The Banking Sector

SS responded (TableAus May/June, 2009) to The Philosophy of Business B: Money & Freedom with the question of whether this really applied to banks, with whom we are forced to deal and who set their own terms: and if we’re forced to deal with banks, perhaps force is justified to control them.


It is true that banks do more than borrow and lend money while charging a margin, but fundamentally that is because so many people want them to. It is however not true that banks are under-regulated. They are highly regulated, so much so that whatever portion of the recent financial problems was due to poor decision making, at root they were caused by government meddling (for example, political demands to lend unsafely in order to achieve politicians’s social agenda, and government “guarantees” of bank solvency supposedly to protect depositors but in reality encouraging risky behaviour).
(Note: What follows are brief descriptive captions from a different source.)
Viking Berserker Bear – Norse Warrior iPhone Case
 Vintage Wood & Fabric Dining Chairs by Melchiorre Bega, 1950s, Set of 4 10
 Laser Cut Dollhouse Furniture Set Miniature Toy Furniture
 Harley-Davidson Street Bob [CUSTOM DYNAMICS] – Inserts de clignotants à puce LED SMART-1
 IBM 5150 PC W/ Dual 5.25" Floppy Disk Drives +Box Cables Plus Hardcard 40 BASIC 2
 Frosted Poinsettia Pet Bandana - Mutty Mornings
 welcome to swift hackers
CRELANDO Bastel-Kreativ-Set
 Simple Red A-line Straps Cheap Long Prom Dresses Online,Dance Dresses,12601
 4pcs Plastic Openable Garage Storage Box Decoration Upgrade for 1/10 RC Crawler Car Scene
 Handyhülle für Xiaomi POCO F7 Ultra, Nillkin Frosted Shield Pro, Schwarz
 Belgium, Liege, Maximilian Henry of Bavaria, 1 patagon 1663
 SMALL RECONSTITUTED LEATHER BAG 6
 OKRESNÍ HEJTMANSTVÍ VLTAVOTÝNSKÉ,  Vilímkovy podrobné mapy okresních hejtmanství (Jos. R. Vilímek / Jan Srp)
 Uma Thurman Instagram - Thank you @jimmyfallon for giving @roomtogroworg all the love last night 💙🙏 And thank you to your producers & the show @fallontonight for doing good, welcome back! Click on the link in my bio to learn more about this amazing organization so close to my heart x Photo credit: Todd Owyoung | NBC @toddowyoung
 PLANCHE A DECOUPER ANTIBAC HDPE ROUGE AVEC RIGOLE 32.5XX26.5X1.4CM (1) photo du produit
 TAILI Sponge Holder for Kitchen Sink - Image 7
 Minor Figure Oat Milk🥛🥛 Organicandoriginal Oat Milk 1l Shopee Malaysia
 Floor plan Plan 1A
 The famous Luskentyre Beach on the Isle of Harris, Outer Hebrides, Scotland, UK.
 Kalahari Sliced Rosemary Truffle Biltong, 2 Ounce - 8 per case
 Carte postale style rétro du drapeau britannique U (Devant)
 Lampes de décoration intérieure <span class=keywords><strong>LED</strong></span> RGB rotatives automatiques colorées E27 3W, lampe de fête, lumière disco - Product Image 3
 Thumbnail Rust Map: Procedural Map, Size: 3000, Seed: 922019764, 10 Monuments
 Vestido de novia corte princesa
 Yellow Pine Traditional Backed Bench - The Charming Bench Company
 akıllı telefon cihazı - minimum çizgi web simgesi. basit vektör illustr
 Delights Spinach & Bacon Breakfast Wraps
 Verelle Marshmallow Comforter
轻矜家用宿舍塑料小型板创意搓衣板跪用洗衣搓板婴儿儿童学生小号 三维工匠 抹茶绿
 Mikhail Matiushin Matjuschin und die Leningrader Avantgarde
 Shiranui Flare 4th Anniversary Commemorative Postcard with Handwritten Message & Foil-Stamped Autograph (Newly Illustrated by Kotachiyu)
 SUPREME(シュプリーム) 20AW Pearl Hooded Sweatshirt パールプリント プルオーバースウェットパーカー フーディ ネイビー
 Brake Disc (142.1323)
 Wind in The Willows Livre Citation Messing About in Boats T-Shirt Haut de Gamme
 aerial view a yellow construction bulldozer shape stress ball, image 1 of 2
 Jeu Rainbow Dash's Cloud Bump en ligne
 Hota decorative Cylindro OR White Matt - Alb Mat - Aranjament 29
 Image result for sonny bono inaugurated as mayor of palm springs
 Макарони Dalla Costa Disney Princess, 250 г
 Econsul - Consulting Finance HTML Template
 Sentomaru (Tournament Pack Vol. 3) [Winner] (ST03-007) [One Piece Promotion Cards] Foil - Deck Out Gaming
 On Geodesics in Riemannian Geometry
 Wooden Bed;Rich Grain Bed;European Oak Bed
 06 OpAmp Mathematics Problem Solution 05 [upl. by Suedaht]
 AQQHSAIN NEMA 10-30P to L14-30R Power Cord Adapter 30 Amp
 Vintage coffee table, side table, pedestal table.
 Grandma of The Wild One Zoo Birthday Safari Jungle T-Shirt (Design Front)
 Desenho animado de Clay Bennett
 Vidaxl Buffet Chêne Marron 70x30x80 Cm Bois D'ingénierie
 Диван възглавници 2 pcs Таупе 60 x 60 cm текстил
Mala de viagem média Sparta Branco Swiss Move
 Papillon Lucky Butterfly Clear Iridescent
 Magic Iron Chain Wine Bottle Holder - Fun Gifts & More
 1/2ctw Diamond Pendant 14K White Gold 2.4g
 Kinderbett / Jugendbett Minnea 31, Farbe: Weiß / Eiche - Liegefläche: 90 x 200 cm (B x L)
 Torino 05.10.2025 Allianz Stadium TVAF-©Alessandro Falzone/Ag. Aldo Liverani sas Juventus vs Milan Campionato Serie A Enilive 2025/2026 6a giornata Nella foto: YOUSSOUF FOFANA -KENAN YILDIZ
It is also true that many types of savings account are not cost-effective for all people. That is part of the reason why there are so many of them available! I am all for complaining to your bank if you think it’s offerings are inadequate – I am even more for you finding the best account for your circumstances and moving. Though in the example given, I am not sure why less than $30 a year for what the bank is offering (safety of several thousand dollars from theft, convenience etc) is regarded as onerous.

Despite perception, however, nobody is actually forced (in the sense of physical force) to use a particular bank or any bank at all. The principle here is that wanting something badly enough to use it while not getting as good a deal as you’d like, is not the definition of physical force. Note that this extends to all you do business with. For example, it usually costs an employer far more to pay someone in cash or even cheque than electronically. Therefore an employer is perfectly justified in either refusing to pay in cash, or charging a steep fee for doing so. There is no force involved here – you have to decide whether your job is worth the $30 annual cost of having a bank account. Note also that it is a misperception to believe that banks “should” provide a safe haven for your money and charge you nothing because it is “your” money. Why? They are providing a service and like any other service, deserve to be paid for it. That service costs substantial money in required infrastructure (safes, buildings, computer systems etc) and employee salaries (someone has to do the work!).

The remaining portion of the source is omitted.